I used to be pretty far to the right, especially about world affairs; but, I got sick of being lied to. I know these sources and their basic arguments....they haven't added anything new in recent years; the only difference is that the right was feeling comfortable and confident when Dubya became president in 2000. By the time he ran for re-election, conservatives and libertarians were starting to realize that things weren't working out the way they were supposed to; but rather than step back and re-evaluate their positions, they went even more gonzo and hostile to all criticism. Most of the conservative talk-radio hosts (except for Michael Savage) could have civil conversations with their liberal adversaries until about five years ago, when they all headed for their bunkers.

I used to be more conservative than I am now; sort of mainstream liberal on social matters, and quite hawkish on foreign ones...but I was hawkish because I believed in the inherent and self-evident benevolence of Western behaviour, particularly military, in all instances.

So when I read recently that Camille Paglia--a career liberal "contrarian" if ever there was one, not that anyone pays attention to her these days--inform us vapidly that, while she opposed the Iraq War before it started, we all have a responsibility to support the war once it has been engaged...even behind the sound of my jaw-dropping, I recognized a similar bone-deep doctrinal obedience within my old, unreflective self.

Before, I would have termed myself a "centrist";for an apt description of what that often actually means, read Glenn Greenwald's expert smack-down:

Like many other self-proclaimed "scholars" of the Brookings Institution, Benjamin Wittes never tires of branding himself a "centrist." But like Brookings itself, this so-called centrism is devoid of any coherent worldview and instead has one overarching purpose: to defend Beltway elite prerogatives and specifically the bipartisan orthodoxies of the National Security State. That's why Brookings is so lavishly funded and why it exists, and that -- in almost every instance -- is what D.C. denizens mean when they talk about "centrism": subservient defenders of the status quo.

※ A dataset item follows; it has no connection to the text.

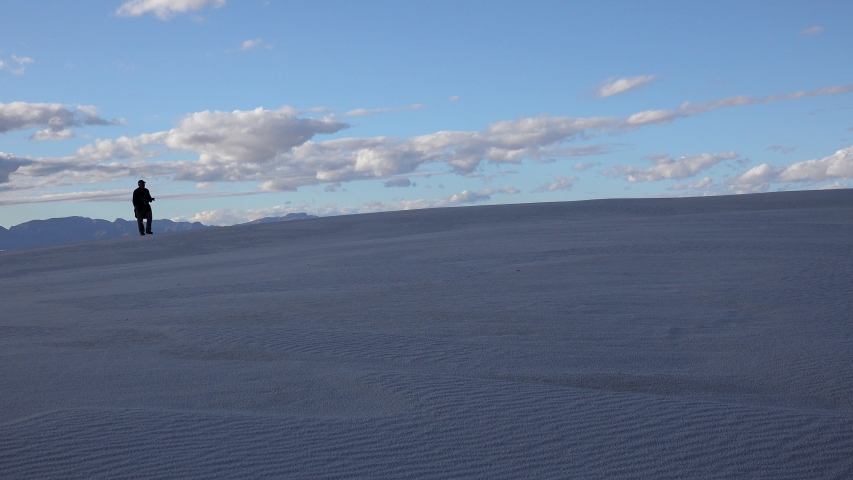 People walk on white gypsum sands in a desert landscape against a background of white clouds. Sand Dune at White Sands National Monument. New Mexico, USA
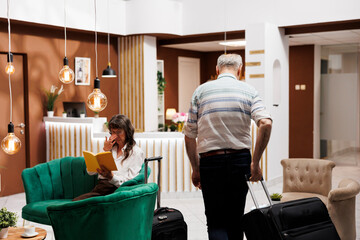 Arriving in contemporary hotel lobby is an elderly caucasian man who goes to front desk to check...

Dutifully fulfilling his function, Wittes has spent the last several years joining with former Bush OLC lawyer Jack Goldsmith to defend indefinite detention without charges as well as the creation of "national security courts" to allow "preventive detention." He scorned those who objected to Bush's illegal, warrantless eavesdropping programs as simplistic, ignorant partisans. When Congress drastically expanded Bush's eavesdropping powers with the 6-month enactment of the Protect America Act, Wittes went to The New Republic to (of course) defend the new powers, prompting Matt Yglesias to say that Wittes was merely fulfilling "his appointed role as 'liberal who agrees with conservatives about all the topics he writes about'." Wittes was recently held up as the face of "American exceptionalism" by international law professor Kevin Jon Heller for explicitly justifying America's right to impose double standards in light of its objective superiority. Behold Reasonable Sober Serious Centrism!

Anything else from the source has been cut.